WHAT TO WORK ON = Look through the data below. Show each line where the string "Code" occurs.

GIVEN ENTRIES =
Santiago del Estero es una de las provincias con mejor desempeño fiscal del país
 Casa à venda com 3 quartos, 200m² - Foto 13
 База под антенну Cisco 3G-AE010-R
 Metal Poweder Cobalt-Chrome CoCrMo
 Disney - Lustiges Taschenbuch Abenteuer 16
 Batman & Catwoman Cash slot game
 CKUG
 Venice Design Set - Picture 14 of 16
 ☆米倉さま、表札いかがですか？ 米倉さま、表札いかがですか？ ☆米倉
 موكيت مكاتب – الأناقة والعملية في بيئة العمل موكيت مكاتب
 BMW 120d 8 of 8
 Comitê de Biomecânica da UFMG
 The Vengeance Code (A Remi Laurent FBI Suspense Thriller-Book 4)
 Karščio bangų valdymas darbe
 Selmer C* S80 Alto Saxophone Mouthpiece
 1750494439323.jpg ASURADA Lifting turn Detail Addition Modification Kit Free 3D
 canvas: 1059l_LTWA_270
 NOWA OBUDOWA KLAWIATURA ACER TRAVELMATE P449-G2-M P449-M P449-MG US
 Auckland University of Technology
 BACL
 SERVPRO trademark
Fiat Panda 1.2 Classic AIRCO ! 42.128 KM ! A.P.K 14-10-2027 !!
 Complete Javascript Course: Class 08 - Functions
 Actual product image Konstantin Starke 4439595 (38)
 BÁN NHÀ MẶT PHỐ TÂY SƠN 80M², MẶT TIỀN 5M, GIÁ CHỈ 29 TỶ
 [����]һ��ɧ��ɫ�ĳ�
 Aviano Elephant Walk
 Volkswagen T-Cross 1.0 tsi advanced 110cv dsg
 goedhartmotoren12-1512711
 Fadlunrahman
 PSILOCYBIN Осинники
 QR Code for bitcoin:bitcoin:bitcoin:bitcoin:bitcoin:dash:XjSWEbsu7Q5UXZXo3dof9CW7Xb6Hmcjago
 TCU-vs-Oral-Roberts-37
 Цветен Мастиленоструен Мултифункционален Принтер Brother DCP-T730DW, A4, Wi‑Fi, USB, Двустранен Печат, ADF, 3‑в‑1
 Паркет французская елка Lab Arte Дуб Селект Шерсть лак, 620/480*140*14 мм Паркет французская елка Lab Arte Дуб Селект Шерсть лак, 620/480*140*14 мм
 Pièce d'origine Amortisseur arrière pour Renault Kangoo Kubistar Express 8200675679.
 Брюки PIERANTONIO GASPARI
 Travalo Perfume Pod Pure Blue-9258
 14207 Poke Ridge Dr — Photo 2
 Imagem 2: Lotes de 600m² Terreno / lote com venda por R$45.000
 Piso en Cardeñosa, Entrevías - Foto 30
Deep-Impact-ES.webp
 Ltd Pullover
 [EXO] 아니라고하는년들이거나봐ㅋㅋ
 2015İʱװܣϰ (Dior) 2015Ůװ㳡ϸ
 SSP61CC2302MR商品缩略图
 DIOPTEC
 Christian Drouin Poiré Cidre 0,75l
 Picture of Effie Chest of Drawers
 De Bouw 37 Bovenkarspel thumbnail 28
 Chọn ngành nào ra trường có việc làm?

ANSWER SECTION =
 The Vengeance Code (A Remi Laurent FBI Suspense Thriller-Book 4)
 QR Code for bitcoin:bitcoin:bitcoin:bitcoin:bitcoin:dash:XjSWEbsu7Q5UXZXo3dof9CW7Xb6Hmcjago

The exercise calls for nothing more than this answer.